Feminist social theories put to the test

April 27, 2009

A dissertation at Örebro University in Sweden brings to light major weaknesses in feminist social theories. They are untenable, far too undeveloped, and laden with insoluble internal problems of logic.

“Feminist social theories provide us with an ideologically colored picture of society,” maintains Helen Lindberg.

"As social scientists, we are duty-bound to follow a scientific ethos, otherwise no one benefits, not even women. Instead it hurts the struggle for gender equality. I am writing this dissertation in the hope that it will further the struggle for gender equality in society.”

The dissertation examines four comprehensive theories that each claims to address the issue of how we should be able to understand and explain gender inequality and the unbalanced power relations between the sexes today. The theories - Anna G. Jónasdóttir’s Theory of Love Power, Catharine M. MacKinnon’s radical feminism, Luce Irigaray’s gynocentric distinctivist feminism, and Judith  Butler’s queer feminism - are very different from each other and offer different answers to the question.

Helen Lindberg feels it is unfruitful to use the theories for social scientific research on gender relations, since they rest on starkly ideological foundations and evince faulty internal coherence.

The theories offer little or no scope for the individual to be able to  change or develop society and have difficulties accomodating empirical evidence. The dissertation also discusses the political goals that the theories can be seen as leading to.

“Some of them are clearly utopian and others are vague and quite undeveloped,” says Helen Lindberg.

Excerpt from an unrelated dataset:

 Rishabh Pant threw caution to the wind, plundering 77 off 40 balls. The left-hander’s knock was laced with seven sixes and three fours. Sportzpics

Helen Lindberg points to the splintering within the Swedish  political party Feminist Initiative as an example of what happens in politics when the various feminist ideological positions meet.

It was not only that the party consisted of different strong-willed individuals. The members also based their convictions on different feminist ideologies, and when they were not compatible, strife  ensued.

Instead, feminist social theories, like other normative and ideologically based social theories, such as Marxism and Liberalism, should be regarded as aids in establishing what problems need to be addressed. Helen Lindberg also points out that there is a parallel between Marxism and feminism regarding their development as scientific and ideological projects in that both have always had a close relationship with liberation-oriented political action.

Helen Lindberg also points to the development from feminism to postfeminism. Post feminism rejects the fundamentals of feminist theory and the previous foundations. Postfeminism shifts and expands the feminist focus from the relation between women and men to also include gender identities regardless of sex, for example, as urgent  both as a research focus and for political attention.

In her youth Helen Lindberg was fascinated by Marxist-oriented  radical feminism, but she found it wanting when it came to dealing with the experiences of different women.

“Writing the dissertation has been like plunging into a fierce wrestling match with my own convictions,” says Helen Lindberg.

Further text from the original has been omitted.